(TASK GOAL): When you reach the line that contains "導水隧道於1993年7月6日" below, transcribe it and each line after it word for word to the end of the records, omitting pictures.

[GIVEN DATA — start]

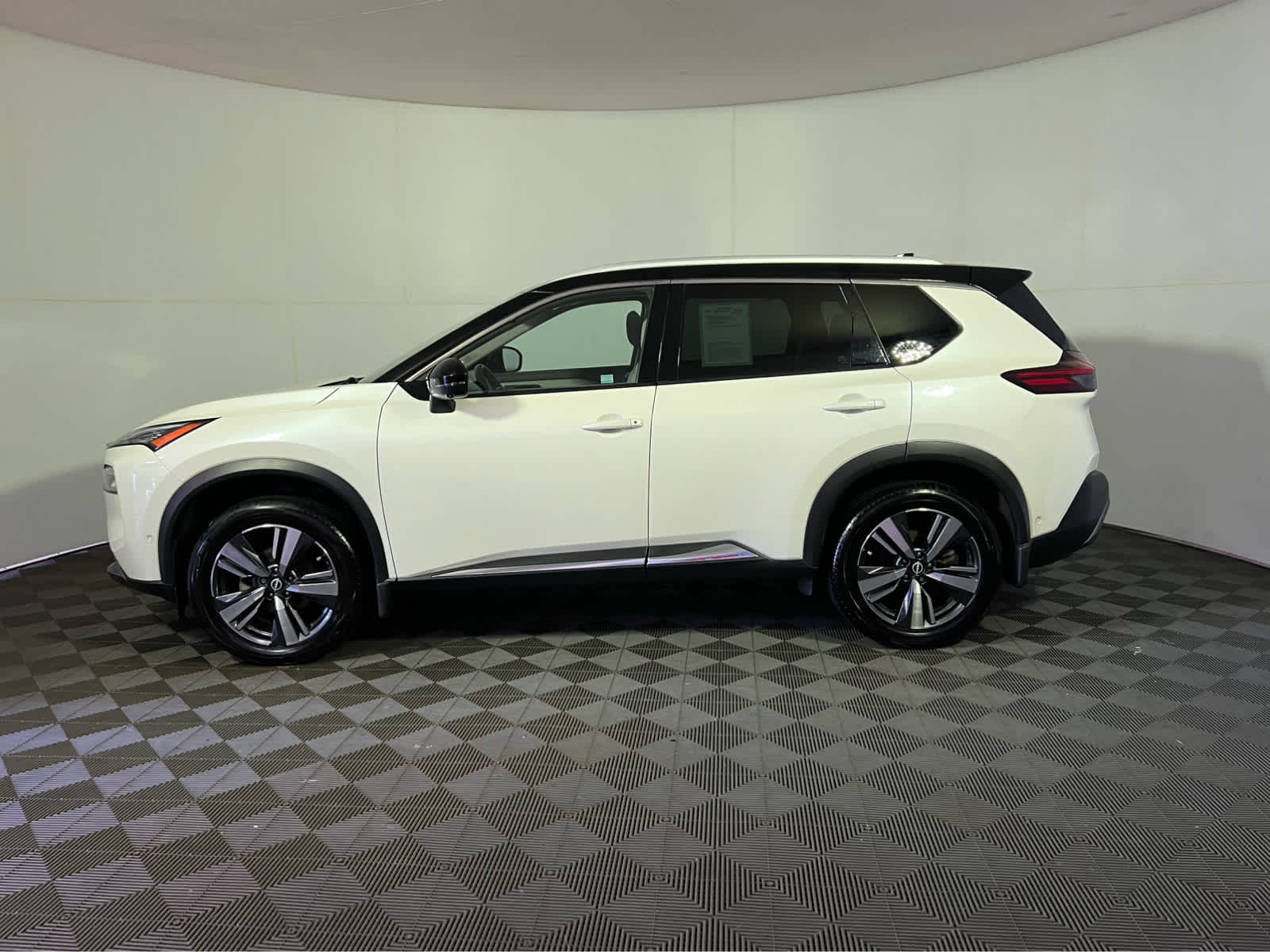 2023 Nissan Rogue SL photo 4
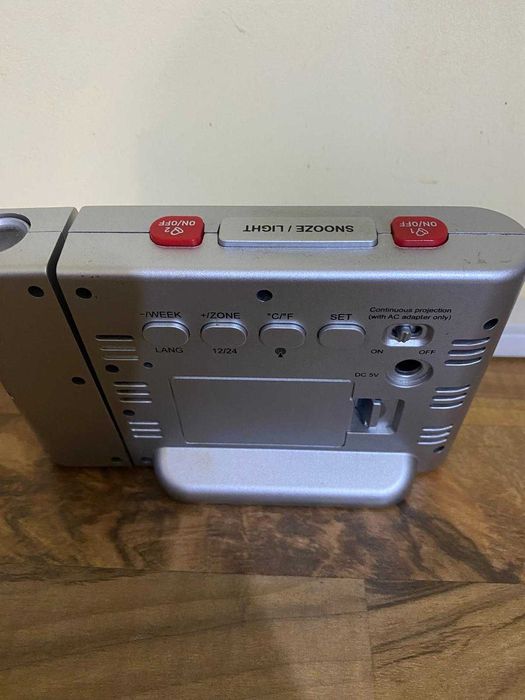 Проектор‑часовник (Beamer) за час и дата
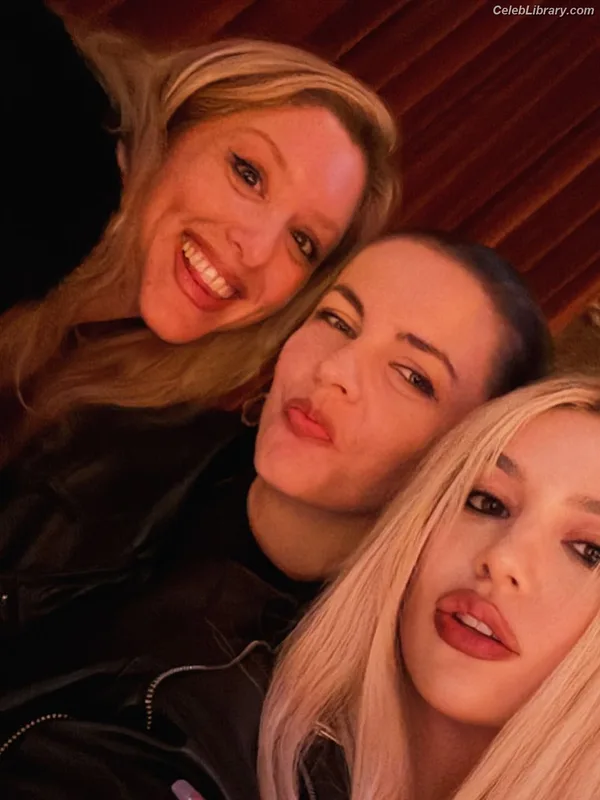 Ava Max photo 9 of 2136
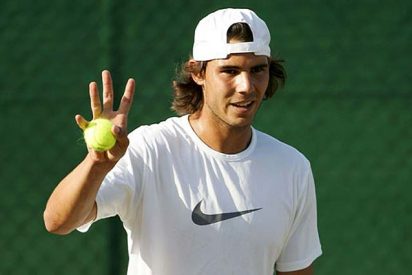 Nadal y Federer podr&iacute;an aplazar la final de Wimbledon al lunes por la lluvia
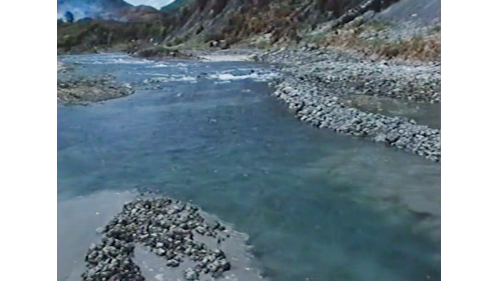 導水隧道於1993年7月6日，在進口端放下最後一扇6噸重的擋水閘版後，正式封堵，水庫即開始蓄水。
&nbsp;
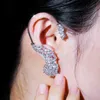 Sprankelende Cubic Zirconia Cluster Bloem Grote Lange Asymmetrische Oorhaak Climber Stud Earring Punk Sieraden CZ732 210714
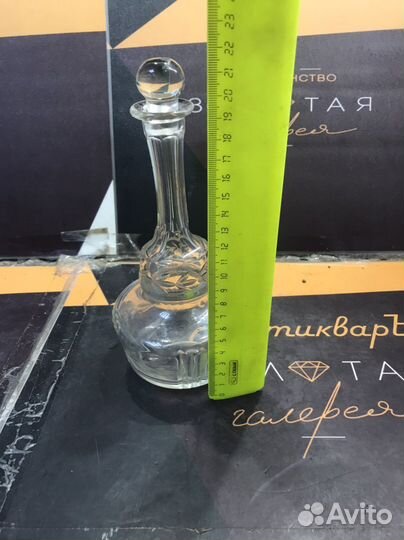 Старинный графин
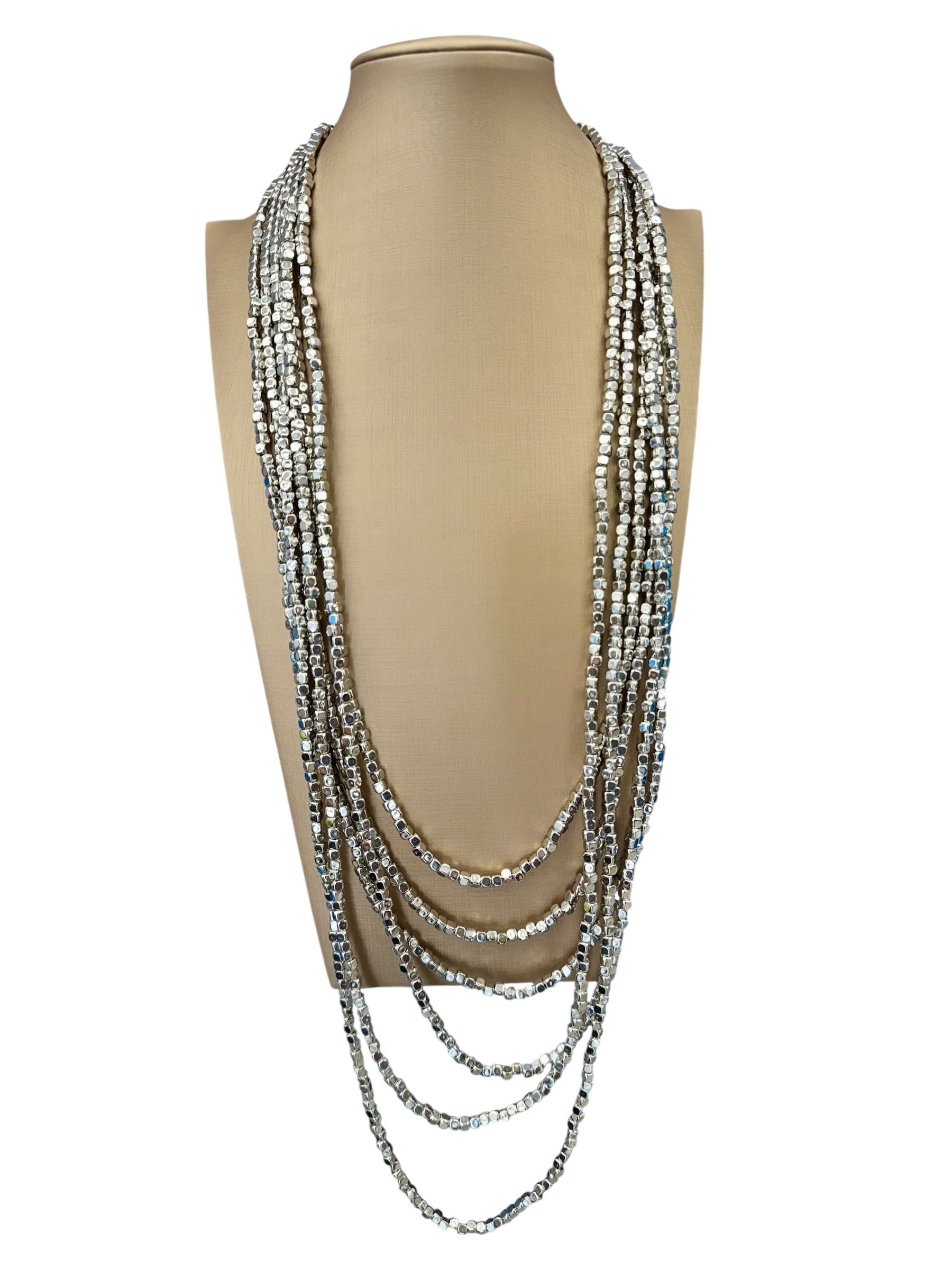 Collana dadi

[GIVEN DATA — finish]

(EXERCISE OUTPUT):
 導水隧道於1993年7月6日，在進口端放下最後一扇6噸重的擋水閘版後，正式封堵，水庫即開始蓄水。
&nbsp;
 Sprankelende Cubic Zirconia Cluster Bloem Grote Lange Asymmetrische Oorhaak Climber Stud Earring Punk Sieraden CZ732 210714
 Старинный графин
 Collana dadi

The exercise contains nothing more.